Work order: Since only part of the material below is wanted, output exactly the lines from the one with "KEMEJA FLANNEL KOTAK²" up to and including the one with "Blue Dress Shirt with White Collar & Cuffs".

Material for the task:
---*---
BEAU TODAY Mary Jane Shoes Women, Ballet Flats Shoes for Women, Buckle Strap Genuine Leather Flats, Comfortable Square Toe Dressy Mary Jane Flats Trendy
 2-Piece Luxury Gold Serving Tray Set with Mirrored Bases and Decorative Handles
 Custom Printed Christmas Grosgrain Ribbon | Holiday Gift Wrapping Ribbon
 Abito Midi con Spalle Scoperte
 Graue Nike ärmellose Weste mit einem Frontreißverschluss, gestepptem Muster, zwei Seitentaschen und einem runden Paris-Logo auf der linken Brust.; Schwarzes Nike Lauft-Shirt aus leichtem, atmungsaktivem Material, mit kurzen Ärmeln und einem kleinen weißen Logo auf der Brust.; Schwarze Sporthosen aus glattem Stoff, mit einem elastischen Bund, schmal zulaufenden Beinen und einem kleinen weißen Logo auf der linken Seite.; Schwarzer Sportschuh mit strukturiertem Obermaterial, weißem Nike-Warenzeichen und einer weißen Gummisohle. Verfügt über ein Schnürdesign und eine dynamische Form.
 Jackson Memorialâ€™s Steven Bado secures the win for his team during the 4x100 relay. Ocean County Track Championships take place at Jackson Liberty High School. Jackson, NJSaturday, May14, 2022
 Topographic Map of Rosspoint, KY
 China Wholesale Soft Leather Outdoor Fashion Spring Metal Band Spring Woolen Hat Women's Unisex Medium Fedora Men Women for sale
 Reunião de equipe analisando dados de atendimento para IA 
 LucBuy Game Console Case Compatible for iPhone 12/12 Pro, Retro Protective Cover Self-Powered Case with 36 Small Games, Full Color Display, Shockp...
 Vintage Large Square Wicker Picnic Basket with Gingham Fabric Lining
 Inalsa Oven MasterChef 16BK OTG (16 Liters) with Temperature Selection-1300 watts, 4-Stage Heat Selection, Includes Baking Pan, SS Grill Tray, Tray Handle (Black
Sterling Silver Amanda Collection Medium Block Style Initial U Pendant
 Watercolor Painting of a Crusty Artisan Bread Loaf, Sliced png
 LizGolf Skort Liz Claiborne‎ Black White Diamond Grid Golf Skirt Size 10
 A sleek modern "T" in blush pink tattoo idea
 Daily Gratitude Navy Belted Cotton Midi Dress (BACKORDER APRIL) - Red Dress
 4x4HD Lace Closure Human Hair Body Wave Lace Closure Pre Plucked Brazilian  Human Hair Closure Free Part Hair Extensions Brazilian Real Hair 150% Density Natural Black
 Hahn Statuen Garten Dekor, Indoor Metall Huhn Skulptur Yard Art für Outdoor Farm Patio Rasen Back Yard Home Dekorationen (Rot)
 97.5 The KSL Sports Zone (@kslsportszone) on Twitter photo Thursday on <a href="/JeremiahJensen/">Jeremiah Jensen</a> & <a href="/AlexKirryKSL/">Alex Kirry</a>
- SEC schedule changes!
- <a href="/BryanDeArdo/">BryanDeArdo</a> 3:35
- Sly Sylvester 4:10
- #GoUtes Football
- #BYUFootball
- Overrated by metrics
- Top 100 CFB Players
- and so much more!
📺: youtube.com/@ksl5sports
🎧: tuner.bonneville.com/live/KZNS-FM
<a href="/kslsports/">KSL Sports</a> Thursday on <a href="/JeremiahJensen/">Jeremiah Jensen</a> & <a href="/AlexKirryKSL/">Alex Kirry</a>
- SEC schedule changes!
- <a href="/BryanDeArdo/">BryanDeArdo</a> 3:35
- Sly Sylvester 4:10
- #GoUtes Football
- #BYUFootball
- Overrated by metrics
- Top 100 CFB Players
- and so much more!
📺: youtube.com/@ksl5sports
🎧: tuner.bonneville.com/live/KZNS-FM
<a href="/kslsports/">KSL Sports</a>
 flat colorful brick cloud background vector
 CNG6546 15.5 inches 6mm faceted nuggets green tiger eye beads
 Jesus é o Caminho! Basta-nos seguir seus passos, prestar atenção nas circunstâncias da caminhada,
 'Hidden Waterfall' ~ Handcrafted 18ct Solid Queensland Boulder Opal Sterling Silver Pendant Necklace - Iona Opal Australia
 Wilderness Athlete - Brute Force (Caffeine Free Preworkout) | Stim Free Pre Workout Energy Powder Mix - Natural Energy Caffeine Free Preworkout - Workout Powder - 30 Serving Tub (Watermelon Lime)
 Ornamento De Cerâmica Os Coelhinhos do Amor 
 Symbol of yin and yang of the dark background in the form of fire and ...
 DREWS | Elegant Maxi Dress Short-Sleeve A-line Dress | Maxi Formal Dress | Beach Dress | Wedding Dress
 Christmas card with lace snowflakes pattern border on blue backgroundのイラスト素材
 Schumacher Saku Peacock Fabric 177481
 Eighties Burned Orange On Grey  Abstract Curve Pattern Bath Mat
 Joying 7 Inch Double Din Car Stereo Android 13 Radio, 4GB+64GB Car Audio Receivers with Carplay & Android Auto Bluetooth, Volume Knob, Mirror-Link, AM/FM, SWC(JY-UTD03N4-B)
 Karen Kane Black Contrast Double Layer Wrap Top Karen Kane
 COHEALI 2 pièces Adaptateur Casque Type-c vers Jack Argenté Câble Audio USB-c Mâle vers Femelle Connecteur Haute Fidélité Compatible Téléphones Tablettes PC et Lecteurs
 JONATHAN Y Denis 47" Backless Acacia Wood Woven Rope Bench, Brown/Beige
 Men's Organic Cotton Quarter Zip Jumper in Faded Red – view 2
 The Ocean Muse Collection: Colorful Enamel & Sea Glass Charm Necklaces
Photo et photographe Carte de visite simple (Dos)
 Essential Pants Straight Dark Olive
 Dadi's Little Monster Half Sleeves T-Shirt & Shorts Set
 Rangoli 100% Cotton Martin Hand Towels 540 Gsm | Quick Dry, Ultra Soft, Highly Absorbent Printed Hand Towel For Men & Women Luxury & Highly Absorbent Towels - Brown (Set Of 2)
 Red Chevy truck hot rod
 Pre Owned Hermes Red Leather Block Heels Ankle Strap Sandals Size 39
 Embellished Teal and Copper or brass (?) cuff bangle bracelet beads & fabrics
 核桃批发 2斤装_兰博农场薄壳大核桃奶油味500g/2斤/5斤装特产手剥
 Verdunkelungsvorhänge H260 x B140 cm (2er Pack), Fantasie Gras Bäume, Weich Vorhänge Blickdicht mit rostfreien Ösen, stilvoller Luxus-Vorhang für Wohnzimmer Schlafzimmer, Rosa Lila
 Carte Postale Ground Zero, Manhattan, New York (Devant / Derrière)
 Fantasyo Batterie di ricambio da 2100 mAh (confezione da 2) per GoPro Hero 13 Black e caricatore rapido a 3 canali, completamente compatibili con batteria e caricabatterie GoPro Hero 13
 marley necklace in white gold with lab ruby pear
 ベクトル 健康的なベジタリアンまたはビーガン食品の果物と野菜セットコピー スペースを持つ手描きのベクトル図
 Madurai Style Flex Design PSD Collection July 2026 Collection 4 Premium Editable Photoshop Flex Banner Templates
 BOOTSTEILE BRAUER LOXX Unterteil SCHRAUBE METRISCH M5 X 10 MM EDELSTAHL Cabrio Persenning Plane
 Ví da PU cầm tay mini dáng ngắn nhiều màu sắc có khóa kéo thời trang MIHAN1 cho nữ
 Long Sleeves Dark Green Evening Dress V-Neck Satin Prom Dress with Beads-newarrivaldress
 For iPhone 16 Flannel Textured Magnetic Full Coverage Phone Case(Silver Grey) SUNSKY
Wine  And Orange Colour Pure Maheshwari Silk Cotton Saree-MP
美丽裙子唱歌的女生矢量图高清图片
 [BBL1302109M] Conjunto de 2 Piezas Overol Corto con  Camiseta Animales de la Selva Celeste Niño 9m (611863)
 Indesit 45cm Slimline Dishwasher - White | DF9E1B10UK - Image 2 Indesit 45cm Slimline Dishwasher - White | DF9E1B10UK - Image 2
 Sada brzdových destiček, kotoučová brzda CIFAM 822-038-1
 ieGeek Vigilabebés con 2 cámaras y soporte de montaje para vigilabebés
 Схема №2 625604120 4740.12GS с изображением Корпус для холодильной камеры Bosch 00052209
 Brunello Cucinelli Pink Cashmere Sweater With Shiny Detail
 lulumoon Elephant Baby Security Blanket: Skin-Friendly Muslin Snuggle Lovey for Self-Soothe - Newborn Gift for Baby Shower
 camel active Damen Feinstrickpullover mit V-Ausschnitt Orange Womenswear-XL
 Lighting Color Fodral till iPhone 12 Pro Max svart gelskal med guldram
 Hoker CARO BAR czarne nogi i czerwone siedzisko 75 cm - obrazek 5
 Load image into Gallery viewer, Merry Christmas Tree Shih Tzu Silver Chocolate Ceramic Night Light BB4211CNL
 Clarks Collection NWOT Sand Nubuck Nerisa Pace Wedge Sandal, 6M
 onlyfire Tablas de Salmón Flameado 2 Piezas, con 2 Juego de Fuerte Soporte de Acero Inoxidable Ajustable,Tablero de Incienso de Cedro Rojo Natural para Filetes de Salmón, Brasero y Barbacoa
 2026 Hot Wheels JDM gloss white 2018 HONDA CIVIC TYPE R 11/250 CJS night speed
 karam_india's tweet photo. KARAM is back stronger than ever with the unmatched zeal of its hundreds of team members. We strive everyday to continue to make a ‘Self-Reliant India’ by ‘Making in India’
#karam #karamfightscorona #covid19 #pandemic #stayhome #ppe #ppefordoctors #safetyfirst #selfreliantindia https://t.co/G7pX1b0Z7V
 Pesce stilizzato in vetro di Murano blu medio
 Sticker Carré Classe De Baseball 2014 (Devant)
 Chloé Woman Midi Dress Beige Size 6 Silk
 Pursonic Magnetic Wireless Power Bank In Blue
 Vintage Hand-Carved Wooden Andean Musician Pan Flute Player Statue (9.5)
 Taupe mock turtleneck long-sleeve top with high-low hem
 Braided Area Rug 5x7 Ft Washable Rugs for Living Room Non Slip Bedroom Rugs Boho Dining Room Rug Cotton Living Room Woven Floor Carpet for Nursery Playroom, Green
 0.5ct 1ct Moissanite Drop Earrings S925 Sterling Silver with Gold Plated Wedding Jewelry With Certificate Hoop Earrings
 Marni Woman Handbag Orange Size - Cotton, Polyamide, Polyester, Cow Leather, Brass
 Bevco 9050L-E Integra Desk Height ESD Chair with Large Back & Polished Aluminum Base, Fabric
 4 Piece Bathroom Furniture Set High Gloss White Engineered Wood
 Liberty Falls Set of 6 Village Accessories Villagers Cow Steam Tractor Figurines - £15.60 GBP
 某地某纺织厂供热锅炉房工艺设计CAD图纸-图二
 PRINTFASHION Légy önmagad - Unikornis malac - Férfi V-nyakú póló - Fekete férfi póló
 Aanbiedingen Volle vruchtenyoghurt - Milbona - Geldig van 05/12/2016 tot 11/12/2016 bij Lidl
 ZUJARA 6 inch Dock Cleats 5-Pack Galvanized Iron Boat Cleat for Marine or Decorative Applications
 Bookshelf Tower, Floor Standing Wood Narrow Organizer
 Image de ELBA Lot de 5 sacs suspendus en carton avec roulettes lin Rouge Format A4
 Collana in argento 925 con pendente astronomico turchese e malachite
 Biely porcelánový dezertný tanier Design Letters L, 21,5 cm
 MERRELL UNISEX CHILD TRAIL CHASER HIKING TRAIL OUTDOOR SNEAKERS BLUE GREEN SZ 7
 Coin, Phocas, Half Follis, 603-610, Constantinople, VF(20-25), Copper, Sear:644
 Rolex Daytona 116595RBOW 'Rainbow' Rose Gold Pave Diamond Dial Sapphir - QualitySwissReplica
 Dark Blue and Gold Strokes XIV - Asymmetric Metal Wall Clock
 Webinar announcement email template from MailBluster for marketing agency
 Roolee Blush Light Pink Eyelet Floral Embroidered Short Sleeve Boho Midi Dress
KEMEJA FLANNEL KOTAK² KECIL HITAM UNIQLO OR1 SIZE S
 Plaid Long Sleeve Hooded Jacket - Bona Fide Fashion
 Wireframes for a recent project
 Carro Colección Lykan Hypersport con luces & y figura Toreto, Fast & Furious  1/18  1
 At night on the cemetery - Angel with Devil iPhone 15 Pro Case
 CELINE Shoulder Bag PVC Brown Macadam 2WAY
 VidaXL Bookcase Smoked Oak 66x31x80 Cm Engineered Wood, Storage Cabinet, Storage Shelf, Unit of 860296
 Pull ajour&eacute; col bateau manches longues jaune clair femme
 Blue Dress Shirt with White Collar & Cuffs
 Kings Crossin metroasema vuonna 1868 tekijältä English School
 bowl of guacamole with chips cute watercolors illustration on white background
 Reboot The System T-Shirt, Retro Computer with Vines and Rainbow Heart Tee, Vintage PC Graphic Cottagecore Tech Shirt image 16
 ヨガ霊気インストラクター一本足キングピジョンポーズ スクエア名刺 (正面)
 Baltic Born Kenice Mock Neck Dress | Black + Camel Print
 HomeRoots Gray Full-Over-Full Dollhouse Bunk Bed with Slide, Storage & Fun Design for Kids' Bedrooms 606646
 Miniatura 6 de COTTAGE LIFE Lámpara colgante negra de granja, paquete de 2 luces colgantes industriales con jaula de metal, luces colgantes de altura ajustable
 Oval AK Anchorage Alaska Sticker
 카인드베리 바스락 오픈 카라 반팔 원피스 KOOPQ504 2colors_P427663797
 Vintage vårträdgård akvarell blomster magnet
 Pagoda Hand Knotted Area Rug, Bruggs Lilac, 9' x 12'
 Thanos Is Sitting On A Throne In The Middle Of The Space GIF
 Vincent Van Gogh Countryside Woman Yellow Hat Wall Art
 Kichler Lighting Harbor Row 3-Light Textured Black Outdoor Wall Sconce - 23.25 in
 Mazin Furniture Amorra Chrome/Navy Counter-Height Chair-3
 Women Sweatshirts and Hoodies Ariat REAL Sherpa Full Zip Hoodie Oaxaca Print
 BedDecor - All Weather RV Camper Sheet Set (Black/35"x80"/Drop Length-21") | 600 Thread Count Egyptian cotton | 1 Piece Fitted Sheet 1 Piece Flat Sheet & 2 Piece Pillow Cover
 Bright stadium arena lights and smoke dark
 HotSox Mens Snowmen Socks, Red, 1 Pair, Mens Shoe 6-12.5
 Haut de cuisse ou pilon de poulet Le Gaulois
---*---
Output for this task:
KEMEJA FLANNEL KOTAK² KECIL HITAM UNIQLO OR1 SIZE S
 Plaid Long Sleeve Hooded Jacket - Bona Fide Fashion
 Wireframes for a recent project
 Carro Colección Lykan Hypersport con luces & y figura Toreto, Fast & Furious  1/18  1
 At night on the cemetery - Angel with Devil iPhone 15 Pro Case
 CELINE Shoulder Bag PVC Brown Macadam 2WAY
 VidaXL Bookcase Smoked Oak 66x31x80 Cm Engineered Wood, Storage Cabinet, Storage Shelf, Unit of 860296
 Pull ajour&eacute; col bateau manches longues jaune clair femme
 Blue Dress Shirt with White Collar & Cuffs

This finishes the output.